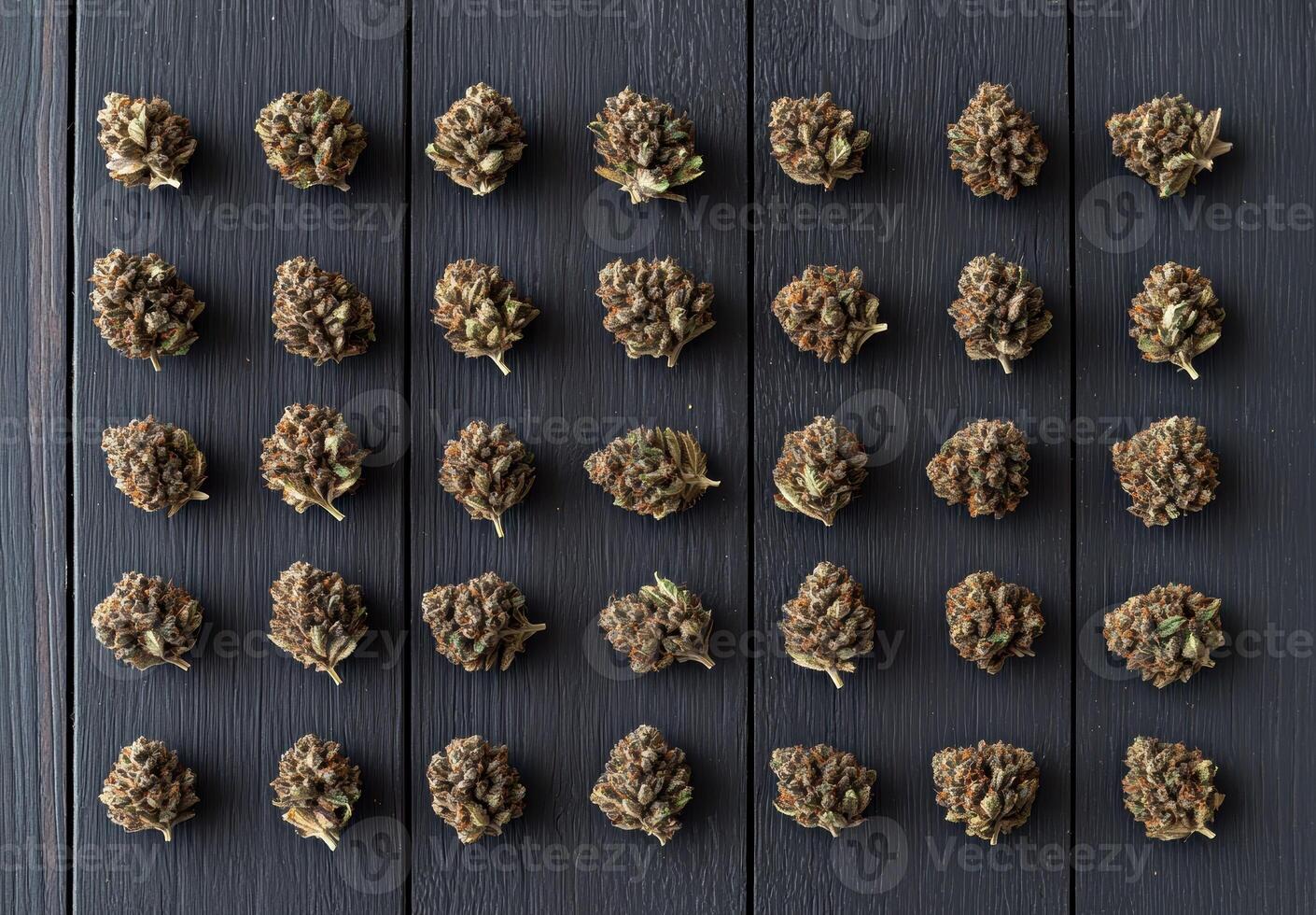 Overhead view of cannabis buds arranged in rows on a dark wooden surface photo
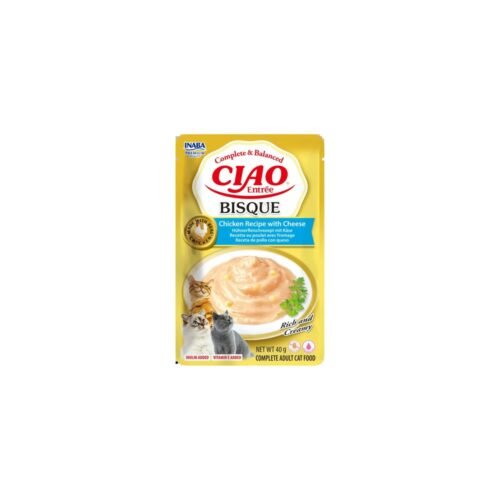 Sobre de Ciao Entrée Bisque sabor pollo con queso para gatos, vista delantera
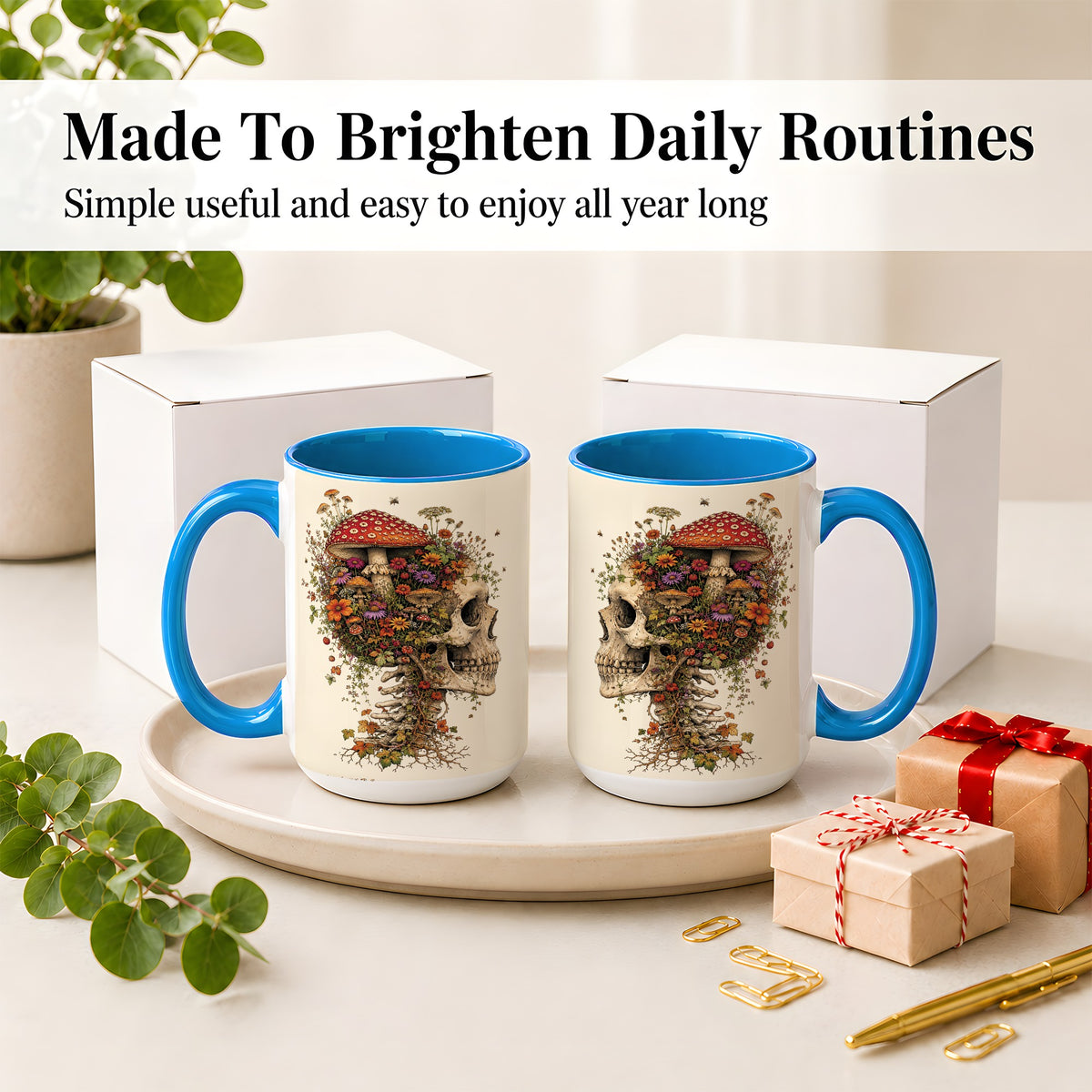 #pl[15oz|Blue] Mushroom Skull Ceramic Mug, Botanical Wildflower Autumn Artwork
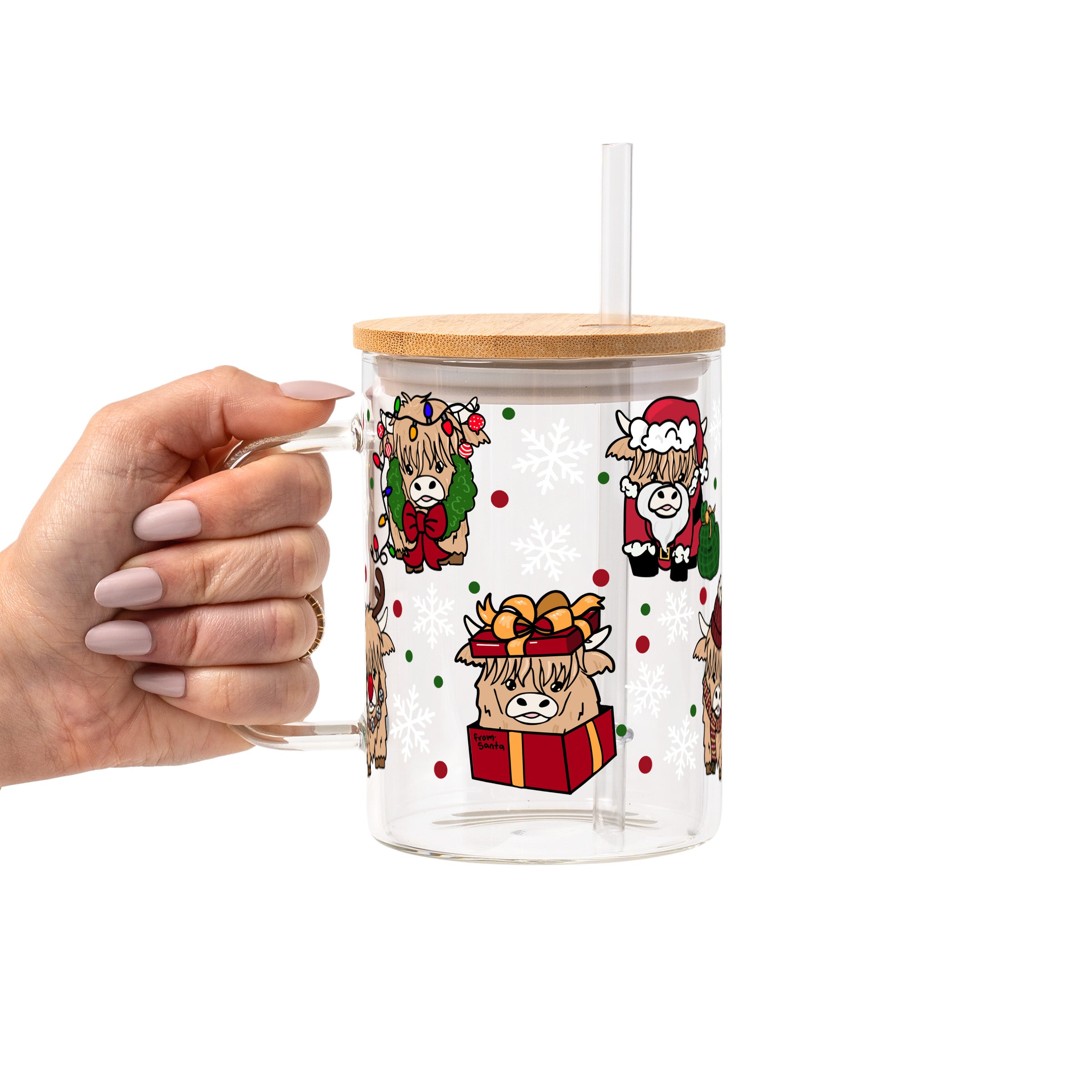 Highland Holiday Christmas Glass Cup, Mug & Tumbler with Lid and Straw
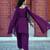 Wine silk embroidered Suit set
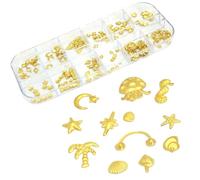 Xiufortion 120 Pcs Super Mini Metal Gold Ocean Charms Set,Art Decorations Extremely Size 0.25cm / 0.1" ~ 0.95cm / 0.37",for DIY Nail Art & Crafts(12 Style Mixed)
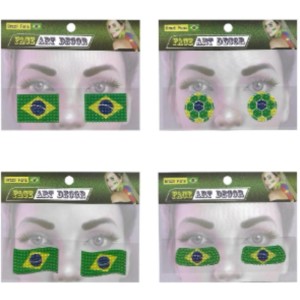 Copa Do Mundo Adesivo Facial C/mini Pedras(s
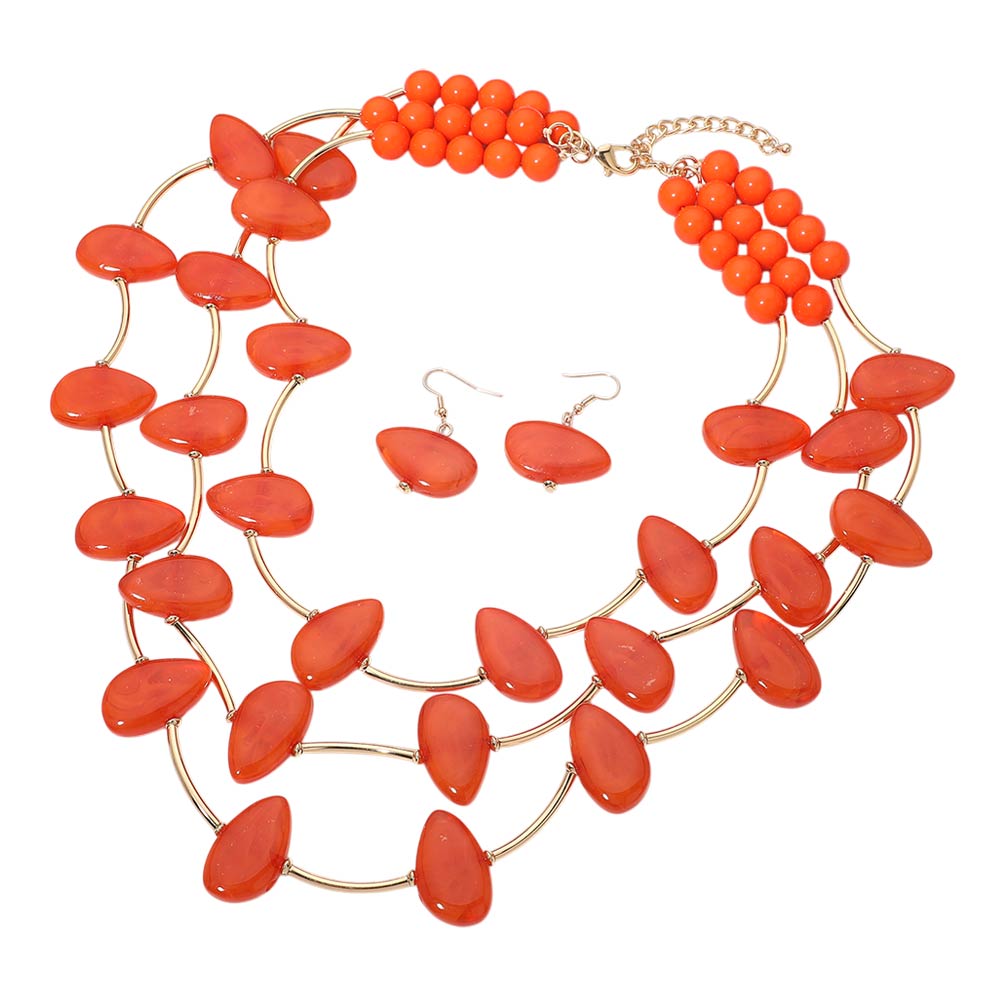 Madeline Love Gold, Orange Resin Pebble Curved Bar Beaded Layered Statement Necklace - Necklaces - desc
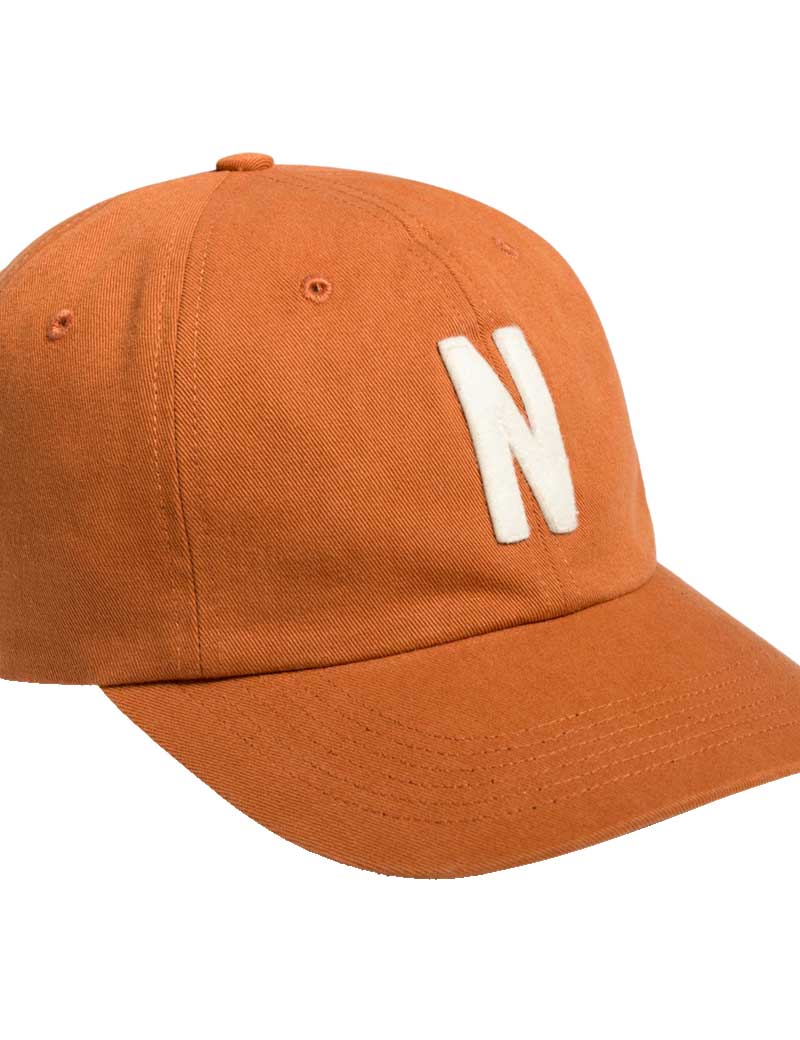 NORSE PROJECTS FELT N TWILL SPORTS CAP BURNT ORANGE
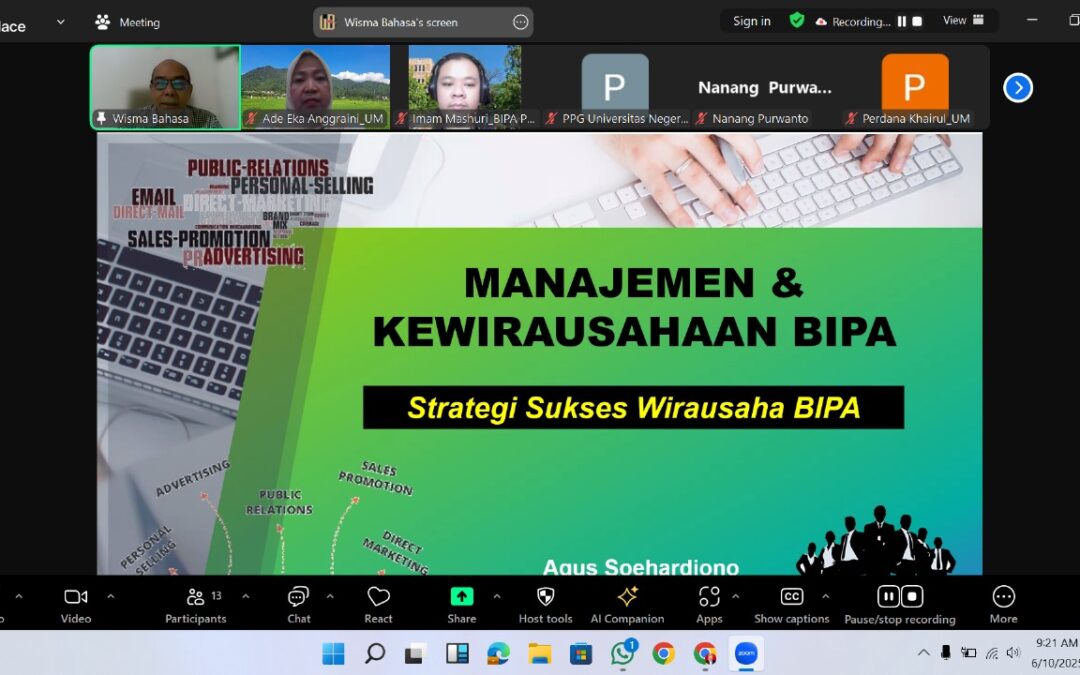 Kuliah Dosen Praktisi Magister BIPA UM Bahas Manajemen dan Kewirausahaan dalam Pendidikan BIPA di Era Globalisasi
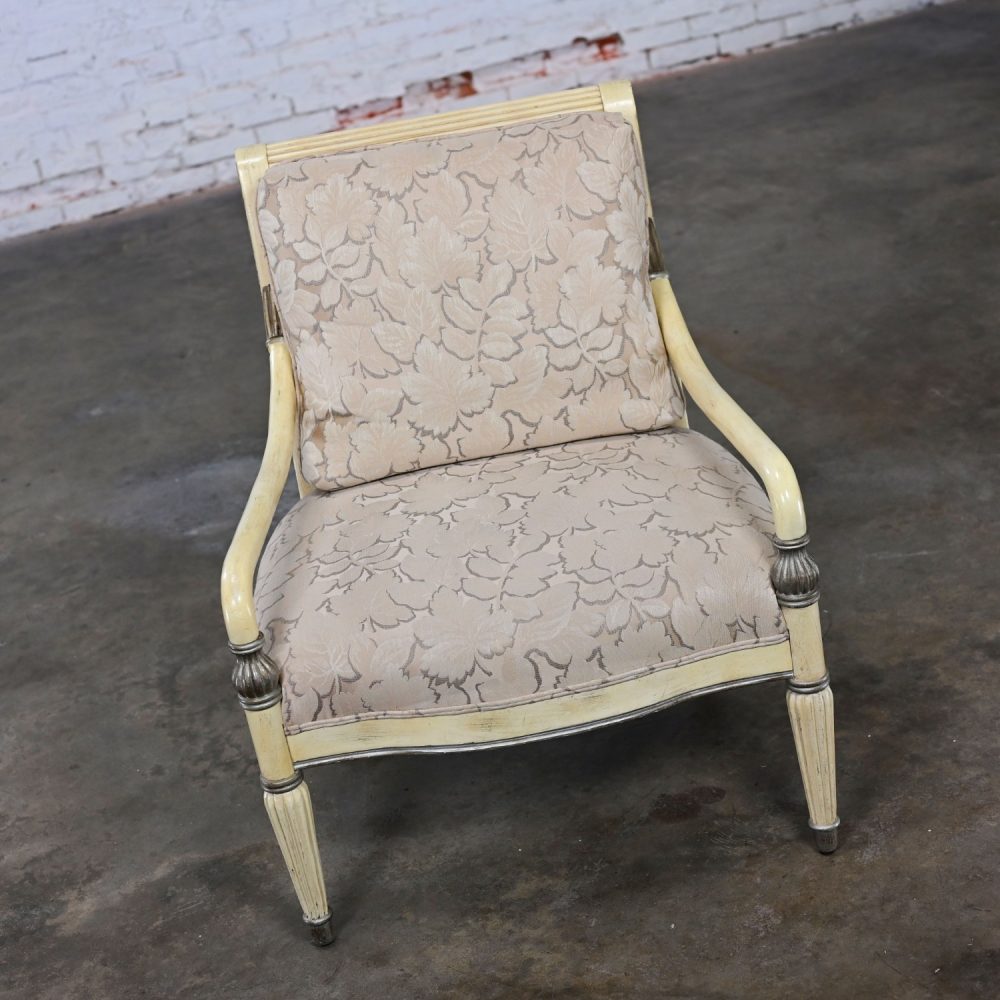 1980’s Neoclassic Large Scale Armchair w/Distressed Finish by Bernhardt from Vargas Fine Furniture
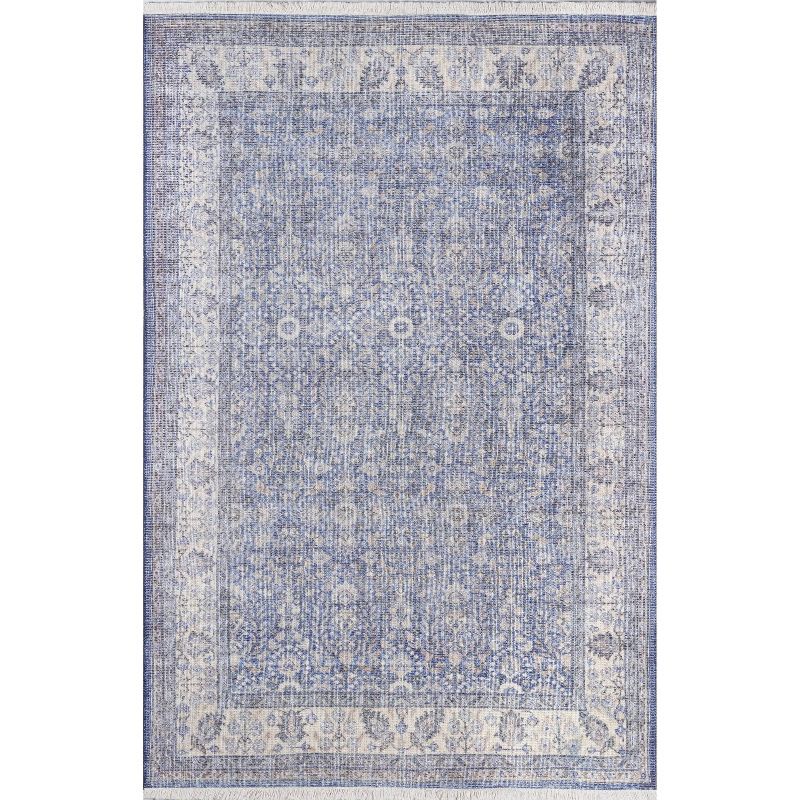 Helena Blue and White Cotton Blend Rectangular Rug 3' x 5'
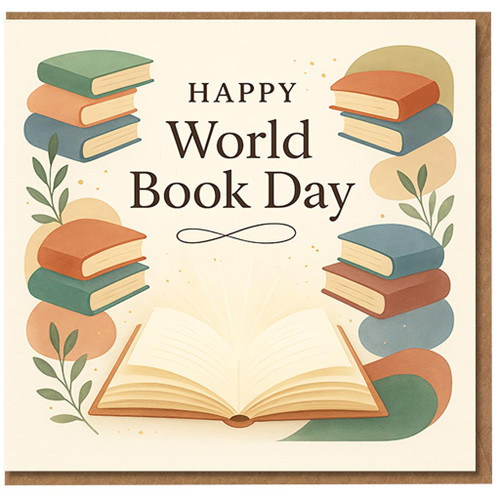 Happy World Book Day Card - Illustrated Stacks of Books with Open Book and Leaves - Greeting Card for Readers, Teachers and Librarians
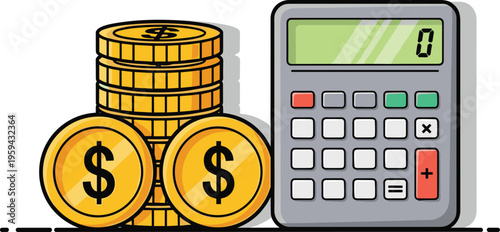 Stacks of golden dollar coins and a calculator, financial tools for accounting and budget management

• **THE PROBLEM**: Drop the pictures and copy the data exactly.

• **RESULT**:
 Overhead view of cannabis buds arranged in rows on a dark wooden surface photo
 Sobre de Ciao Entrée Bisque sabor pollo con queso para gatos, vista delantera
 #pl[15oz|Blue] Mushroom Skull Ceramic Mug, Botanical Wildflower Autumn Artwork
 Highland Holiday Christmas Glass Cup, Mug & Tumbler with Lid and Straw
 Wine silk embroidered Suit set
 Xiufortion 120 Pcs Super Mini Metal Gold Ocean Charms Set,Art Decorations Extremely Size 0.25cm / 0.1" ~ 0.95cm / 0.37",for DIY Nail Art & Crafts(12 Style Mixed)
 Copa Do Mundo Adesivo Facial C/mini Pedras(s
 Madeline Love Gold, Orange Resin Pebble Curved Bar Beaded Layered Statement Necklace - Necklaces - desc
 NORSE PROJECTS FELT N TWILL SPORTS CAP BURNT ORANGE
 Kuliah Dosen Praktisi Magister BIPA UM Bahas Manajemen dan Kewirausahaan dalam Pendidikan BIPA di Era Globalisasi
 1980’s Neoclassic Large Scale Armchair w/Distressed Finish by Bernhardt from Vargas Fine Furniture
 Helena Blue and White Cotton Blend Rectangular Rug 3' x 5'
 Happy World Book Day Card - Illustrated Stacks of Books with Open Book and Leaves - Greeting Card for Readers, Teachers and Librarians
 Stacks of golden dollar coins and a calculator, financial tools for accounting and budget management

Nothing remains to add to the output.